PLAYER TO WATCH: Dimitar Berbatov
The match against Chelsea is a huge opportunity for Berbatov to show what he can do for United in big games. Usually he gets left out of the starting line-up for such key clashes, as Alex Ferguson tends to go with just one man up front, namely Rooney.
He played very well against Bolton in United's last game, but his consistency for them has been poor. The Bulgarian will be under the microscope, not just with United fans, but among all followers of the Premier League.
Berbatov is yet to justify the big money United paid for him, which would be a British record were it not for Manchester City stealing in to buy Robinho at the end of the 2008 summer transfer window. If he had joined any other club for such a huge fee, the fans would have been right on his back a long time ago, because their club would have been so much more reliant on him.
Fortunately for him, United also have Rooney, as well and Cristiano Ronaldo last season, and they have been winning games and delivering for United while Berbatov has only been delivering occasional flashes of brilliance.
If Berbatov can turn in a match-winning performance that helps United to a fourth-straight title, then he will go a long way to quieting the dissenters who have expected so much more from him. If he doesn't, and United don't finish the season top of the table, plenty of fingers will be pointing at him.
UPSET OF THE WEEKEND: Birmingham v Liverpool
Birmingham got a fair slice of luck when they earned a 1-1 draw against Arsenal last weekend, but it goes to show what a tough place St Andrews is to visit for the top teams.
Liverpool will have no problem competing on what is a tight pitch, with Javier Mascherano and Lucas sitting in midfield, but they have shown on several occasions that they can struggle to break down sides that aren't interested in playing open football.
Alex McLeish is not going to abandon the system that has served them so well this season, especially now they are safe, so there is no reason for them to go out for the win and leave themselves more open for the likes of Fernando Torres and Steven Gerrard to exploit them.
Off the back of a defeat in Europe, Liverpool may struggle to raise their game at an old-fashioned ground where the crowd are right on top of them.
Anything less than three points for Liverpool and their hopes of finishing fourth will all but evaporate, unless both Tottenham and City really fall away towards the end of the campaign.
UNDER PRESSURE: Martin O'Neill
After a 7-1 drubbing, no matter who it is against, any manager is going to seriously feeling the heat going into their next match.

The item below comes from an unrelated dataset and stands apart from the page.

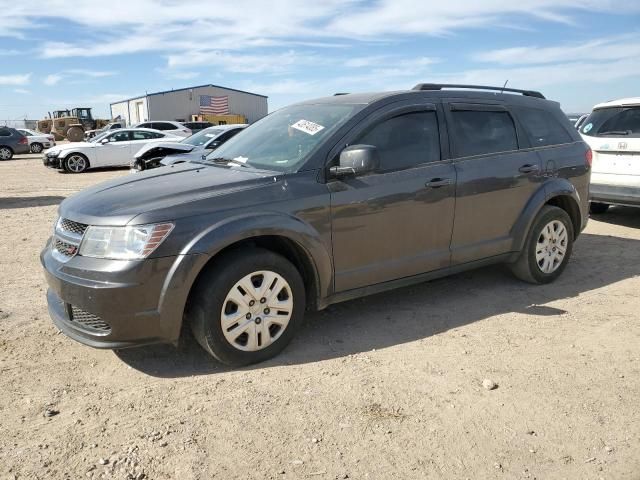 2016 Dodge Journey SE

O'Neill will be especially feel the failure of that result at Chelsea because his team arrived there still carrying hopes of Champions League qualification, only to see them bashed from pillar to post and have their impressive defensive record dismantled within 90 minutes.
He has not had as much money to spend as some of Villa's immediate rivals, but he has been there long enough to look at his squad and truly call it his.
Despite that, and an abundance of talent in midfield, they still look very one-dimensional going forward, a lack the amount of quality among their strikers that their ambitions demand.
One thing O'Neill does have in his favour is a dedicated squad of players that enjoy playing for him, and the lack of success that Gareth Barry has enjoyed so far since his drawn out departure has shown them that the grass isn't always greener on the other side.
The recent stories about O'Neill's immediate future looked to have been whipped up by little more than paper talk. However, you do have the wonder how long the players, fans and club owner will tolerate the team continually falling short of its targets.